The bearings are then visible inside the hub
... and below the speedo drive position (once the grease was cleaned off)
Both bearings are metal shielded sealed units- great news I hadn't expected that. Further both seemed in very good condition and turned smoothly with no grating or binding- so that seems to be something else I wont need to change.
The wheel is desperate for a clean- but its covered in road dirt and aluminium rust- it should clean up with a gentle rub in using fine wire wool in dilute vinegar or possibly a fine brass brush. I don't want to scratch the aluminium more than necessary to get this concrete-like material off- luckily this process was quite efficient but it took a lot of effort and was very fiddly. The alloy also emerged relatively dull from this treatment and will need a lot of polishing. I treated the spokes with rust removing gel but it wasn't a great success and they're going to need rubbing with Emery. Even then they will need painting or treating. Definitely best would be a wheel rebuild but hey- what a cost!
Turning my attention to the brake backplate I cleaned much of the corrosion off using diluted white vinegar and a fine brass wire brush. This did create some scratches but I hope to remove those in due course.
Cut the masking tape between the shoes as you need to slide one forward by levering with a screwdriver.The shoes can then be lifted up and separated. My hub showed signs of light corrosion but nothing serious- they need a bit of grease in the pivot points.
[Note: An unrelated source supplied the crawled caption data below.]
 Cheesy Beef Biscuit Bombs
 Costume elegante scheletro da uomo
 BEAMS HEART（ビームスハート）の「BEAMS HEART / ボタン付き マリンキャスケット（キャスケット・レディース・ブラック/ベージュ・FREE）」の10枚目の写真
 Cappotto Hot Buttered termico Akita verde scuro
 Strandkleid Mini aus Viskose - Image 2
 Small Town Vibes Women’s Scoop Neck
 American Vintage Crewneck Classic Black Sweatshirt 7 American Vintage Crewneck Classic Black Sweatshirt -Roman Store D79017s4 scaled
Note the nut is loosened and there is a washer beneath it. There is a rubber sealing washer under the arm.
Sadly the camera battery failed at this point but I was able to clean the back plate a little more and remove the actuating stud- refitting it with a smear of fresh copper grease so it could rotate smoothly.
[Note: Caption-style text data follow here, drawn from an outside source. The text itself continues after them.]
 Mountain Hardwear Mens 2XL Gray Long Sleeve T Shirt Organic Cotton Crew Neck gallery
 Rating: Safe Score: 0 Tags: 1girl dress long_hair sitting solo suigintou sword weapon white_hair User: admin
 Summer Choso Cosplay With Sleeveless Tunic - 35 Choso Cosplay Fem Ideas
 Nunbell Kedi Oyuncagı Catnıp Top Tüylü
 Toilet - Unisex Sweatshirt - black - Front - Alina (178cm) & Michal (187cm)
I reinstalled the brake shoes- smear of grease under the location feet. Its a little awkward to reassemble but assemble the shoes in a 'V' formation with the spring between, and then force them downwards. Use a screwdriver to lever the shoe feet into place.
Reassembled brake plate.
Refitting the wheel is, as they say, the reverse of removal but remembering to install the sealing disc under the speedo drive.